Loi Alur 2017: des changements sont-ils à prévoir ?

By | 27 novembre 2018

La loi Alur, également connue sous le nom de loi pour l’Accès au Logement et à un Urbanisme Rénové, a été adopté en 2014 et a pour but, entre autres, de réguler le marché de l’immobilier en poussant à construire dans des zones où la demande est plus forte que l’offre.

Bien que cette loi ait été adoptée en 2014, elle bénéficie de nombreux changements au fil des années.

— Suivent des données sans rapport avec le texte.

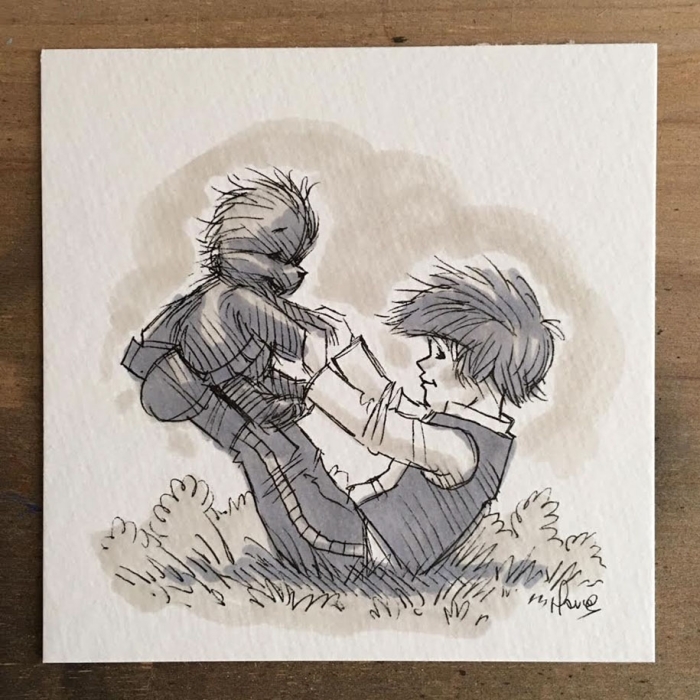 star-wars-winnie-the-pooh-wookie-the-chew-james-hance-4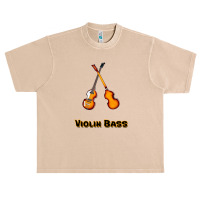 Hofner Violin Bass   Musical Instruments Urban Heavy T-shirt | Artistshot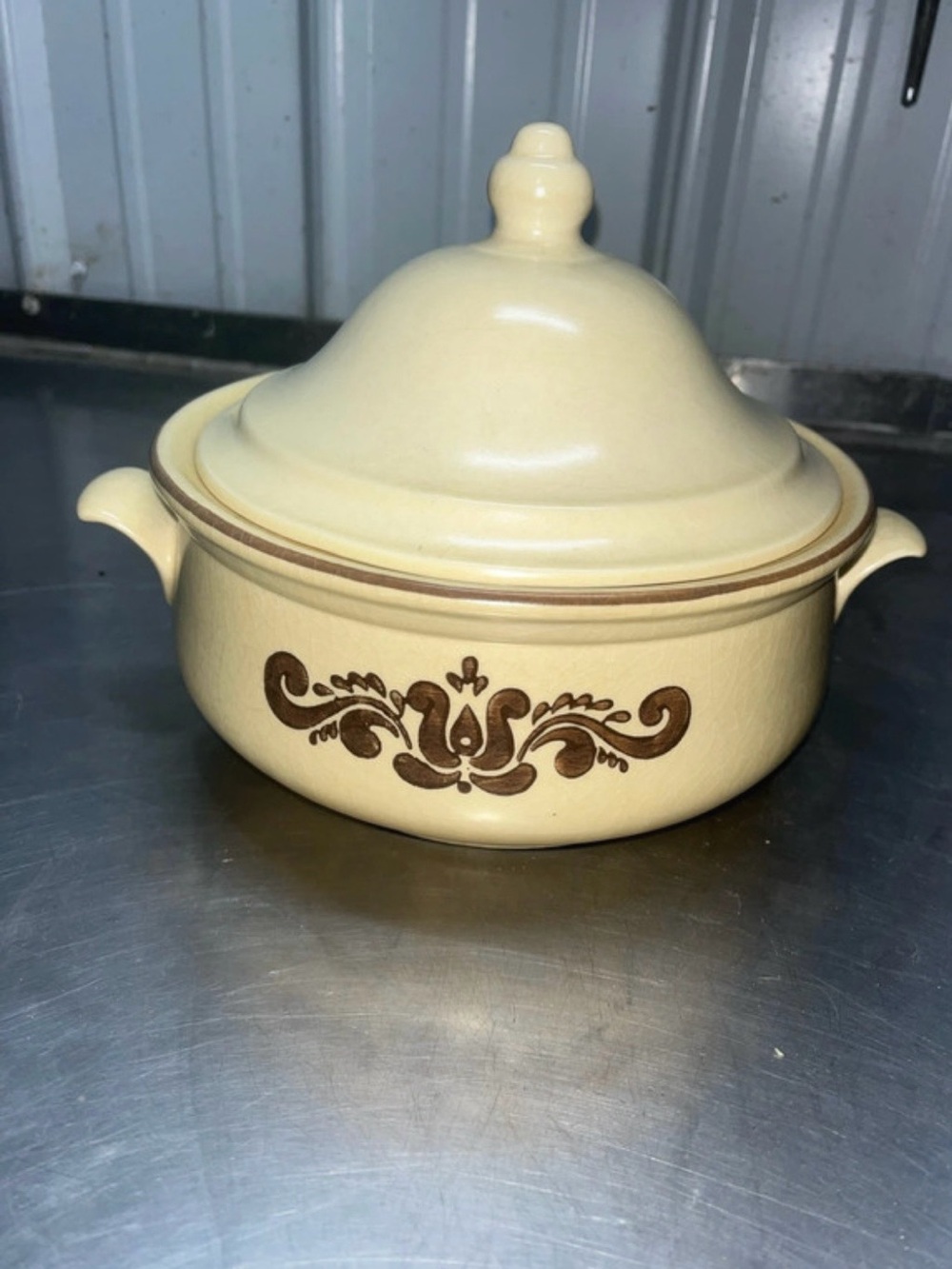 Vintage dish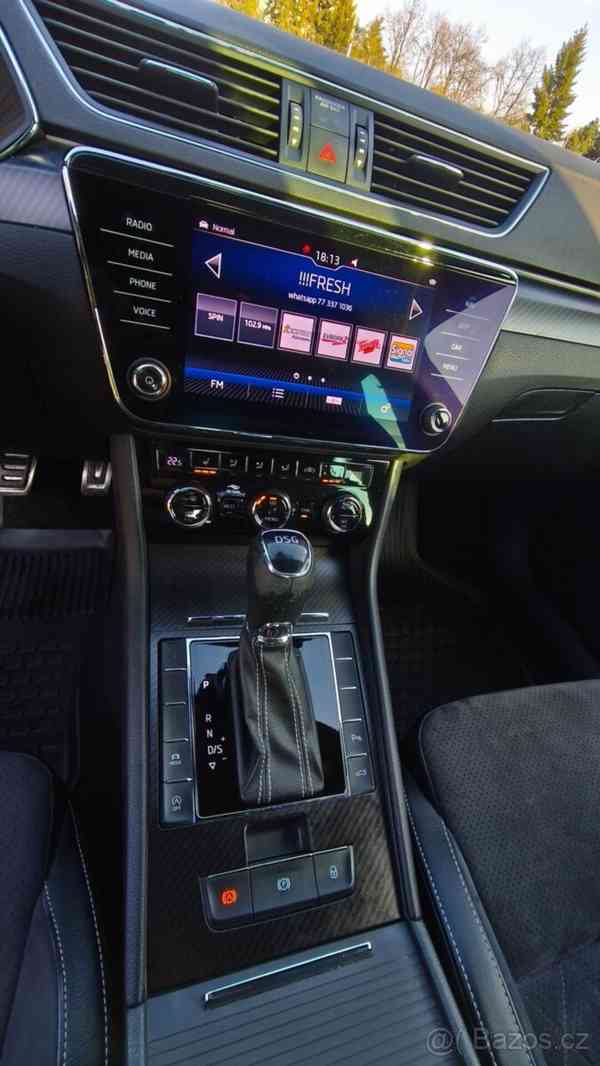 Škoda Superb 3 2.0 TDi 110kW Sportline,DSG,ČR,1.maj.,DPH - foto 11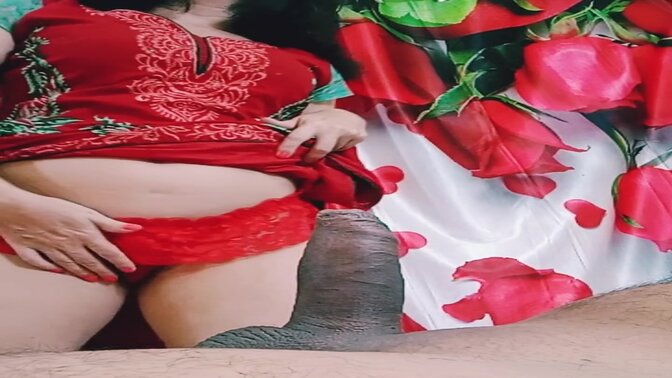 MILF seduces stepson with black cock invasion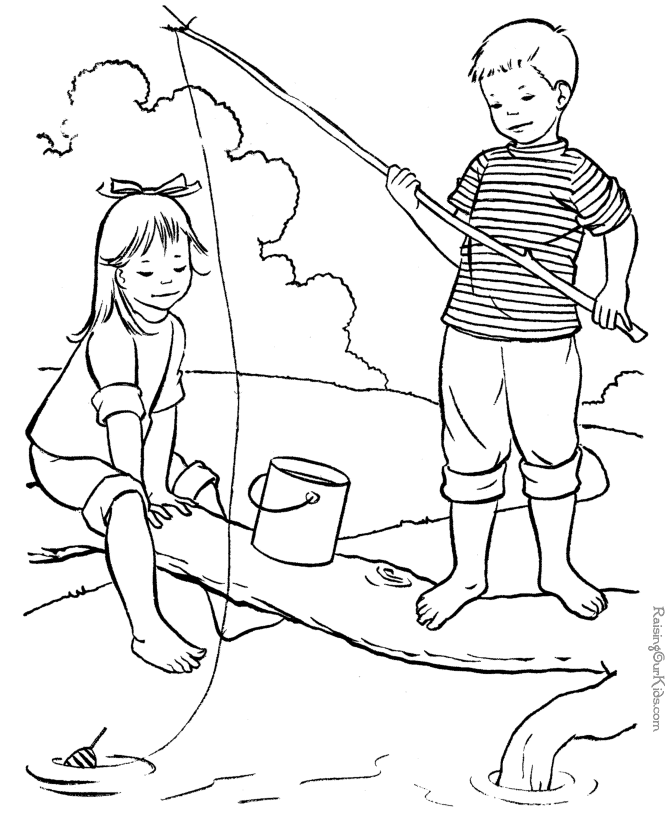 Coloring pictures of Summer 034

Ainsi, la loi Alur 2017 garde toujours les mêmes principes mais, embarque avec elle, divers changements, notamment pour les copropriétaires.

En effet, si les derniers changements avaient été fait en faveur des locataires et des propriétaires avec, notamment, l’encadrement des loyers, des changements sur les contrats de bail, le renouvellement du bail ou encore un délai de préavis réduit, les changements apportés par la loi Alur 2017 concernent surtout les copropriétaires.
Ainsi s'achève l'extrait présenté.